| Essential Question
Did militancy help or hinder the abolitionist movement?
Materials
Document Excerpts (pdf)
Abolition Timeline (pdf)
Background
Although the original Constitution of the United States
did not mention the word “slavery” in its
text, it recognized the existence and legality of this
institution. It protected the rights of slaveholders
with regard to the return of runaway slaves, and by
increasing representation for slaveholders through the
three-fifths compromise, even the slave trade would
be continued for twenty years (until 1808). As the United
States developed so did the national debate over slavery.

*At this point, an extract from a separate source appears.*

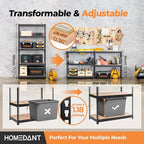 HOMEDANT 5 Tier Storage Shelves Adjustable Laminated Boltless Garage Metal Shelving Unit Heavy Duty Utility Rack Shelf Warehouse Pantry Closet Kitchen (3, (M) 35.9" W, Black)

The belief that slavery would gradually disappear in
the decades after the American Revolution decreased
as cotton production increased, and the nation became
more reliant on the textile industry. Westward expansion
and the settlement of new lands only fueled the growing
debate over slavery.
By the 1830s, many Southerners who had once defended
slavery as a “necessary evil” now asserted
that it was a “positive good.” An increasing
number of abolitionists, on the other hand, came to
believe that slavery was a grave sin and an evil institution
which should be ended immediately. In his denunciations
of slavery, William Lloyd Garrison called the Constitution
“a covenant with death” and “an agreement
with hell.” In response, Southerners used their
influence to pass a “gag rule” in Congress
which prohibited antislavery petitions, restricted antislavery
speech, and censored the U.S. mail by prohibiting abolitionist
literature from being sent to Southern states. As both
the abolitionists and the supporters of slavery became
more entrenched in their positions, tempers flared,
emotions heightened, and the fabric of the nation frayed
into threats of secession and clouds of disunion.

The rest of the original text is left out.